NEL CAMMINO

VERSO LA PASQUA

 

Dopo la morte e la risurrezione di Gesù la nostra vita non può più essere “normale”, ma deve lasciarsi sconvolgere per avviarsi verso

i tempi nuovi del Regno.

 

Nella domenica delle Palme, la realtà di cui si tratta è il nostro coinvolgimento con il regno di Dio, è la nostra responsabilità verso di esso. Cristo non entra più in Gerusalemme, l’ha fatto una volta per tutte.
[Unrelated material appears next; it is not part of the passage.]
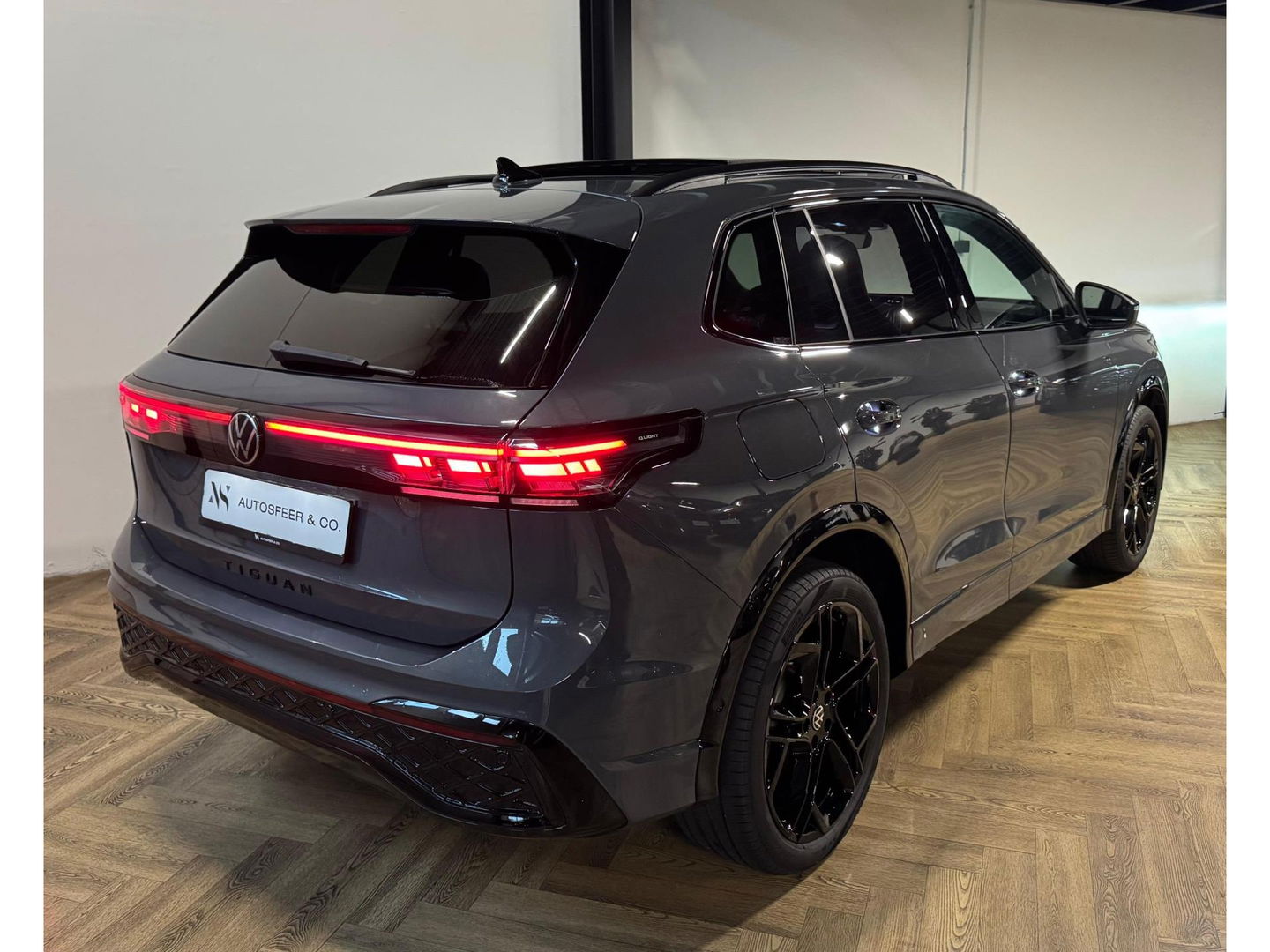 Volkswagen Tiguan 1.5 eTSI R-Line Edition PANO KEYLESS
Lunedì, martedì e mercoledì, poi, questi tre giorni che la Chiesa chiama grandi e santi, hanno, all’interno dello sviluppo liturgico della settimana santa, uno scopo ben definito. Essi situano tutte le sue celebrazioni nella prospettiva della Fine, ci ricordano il senso escatologico della Pasqua.

Assai spesso la settimana santa è considerata come una “bella tradizione”, una “usanza”, una data importante del calendario. Lo prendiamo per scontato e ce ne rallegriamo come per una cara ricorrenza annuale “osservata” fin dall’infanzia, ammiriamo la bellezza degli uffici, il fasto dei suoi riti e, ultima cosa ma non di minore importanza, ci piace l’affaccendarsi intorno alla tavola pasquale...

Poi, una volta che tutto questo è finito, riprendiamo la nostra vita normale.

Ma siamo coscienti che da quando il mondo ha rigettato il suo Salvatore, da quando Gesù è stato triste e abbattuto, la sua anima triste fino alla morte, ed egli è morto sulla croce, la “vita normale” è giunta alla sua fine e non è più possibile?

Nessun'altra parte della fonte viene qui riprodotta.